Du commandement d’écrire les révélations.
Chapitre 48

Notre-Seigneur apparut à sainte Brigitte étant en prière , lui disant : Dites de ma part au Frère Pierre, sous-prieur , que je suis semblable à un seigneur dont les enfants étaient tenus captifs en un dur cep. Il lui envoya ses légats, afin que ses enfants fussent délivrés , et afin qu’ils avertissent les autres de ne tomber entre les mains des ennemis , qu’ils pensent amis. De même moi, Dieu, J’ai plusieurs enfants, c’est à dire, des chrétiens, qui sont détenus dans les lacets du diable. C’est ce qui fait que mon amour leur envoie les paroles de ma bouche par une femme. Oyez donc, vous, ô Frère Pierre ! écrivez en langue latine ce qu’elle vous baillera de ma par en langue vulgaire, et je vous donnerai pour chaque lettre , non l’or ou l’argent , mais un trésor qui ne vieillira jamais.

Sainte Brigitte manifesta de la par de Jésus-Christ cette révélation au prieur, qui lors était sous-prieur. Mais lui , voulant prendre révélation sur ce sujet, était un soir dans l’église, disputant avec ses pensées , et se révoltant à la fin par humilité à n’en rien faire , et s’estimant indigne d’écrire de telles révélations , et craignant l’illusion du diable. Il fut frappé lors d’un soufflet divin, et soudain il fut comme mort , privé du sentiment et des forces corporelles , mais néanmoins l’esprit demeurait entier.

Mais les moines, le trouvant en cet état, gisant à terre, l’apportèrent à sa cellule et le mirent sur le lit , et il demeura un grand espace de la nuit comme demi-mort. Enfin , par l’ordonnance divine , la pensée suivante lui arriva en l’esprit : Peut-être je pâtis ceci pour n’avoir voulu obéir à la révélation divine et aux saint commandement qui m’était fais par sainte Brigitte de la part de Jésus-Christ. Et il disait en son cœur : O Seigneur, mon Dieu, si c’est pour cela , pardonnez-moi, car me voici préparé et disposé à obéir et à écrire toutes les paroles qu’elle me dira de votre part. Dès qu’il eut donné son consentement, soudain il fut guéri, et il s’en alla en hâte à sainte Brigitte , s’offrant à faire les écritures des révélations qu’elle lui dirait de la part de Jésus-Christ.
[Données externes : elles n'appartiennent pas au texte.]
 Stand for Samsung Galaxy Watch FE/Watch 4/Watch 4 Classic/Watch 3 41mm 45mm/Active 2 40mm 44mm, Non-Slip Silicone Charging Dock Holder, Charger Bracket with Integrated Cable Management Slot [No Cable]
Jésus-Christ lui dit ; Je l’ai frappé pour ne pas avoir voulu obéir à ce que sainte Brigitte avait connu en une autre révélation , et je l’ai guéri après , d’autant que je suis le médecin qui a guéri Tobie et le roi d’Israël. Dites-lui donc : Prenez , feuilletez et refeuilletez le livre et les œuvres de mes écritures. Je vous donnerai un maître en ma loi pour votre coadjuteur. Sachez que je veux faire cette œuvre par mes paroles , que vous écrirez de la bouche de cette femme, dont les puissants seront humiliés et les sages se tairont. Ne croyez pas que ces paroles que cette femme vous dira procèdent du malin esprit , car je prouverais par œuvres ce que je vous dis par paroles.

Et soudain après, ledit prieur commença à écrire, et translater ou traduire en latin toutes les révélations et visions divines données à sainte Brigitte , bien que quelques-une aient été écrites par ses compagnons, principalement par son confesseur, quand ledit prieur était absent ; et ledit prieur fut depuis confesseur de sainte Brigitte l’espace de trente ans jusques à la mort de sainte Brigitte. Après Notre-Seigneur commanda qu’elles fussent baillées à Alphonse Hermite , autrefois évêque de Giennense, et c’est de cette manière que les livres ont été écrits.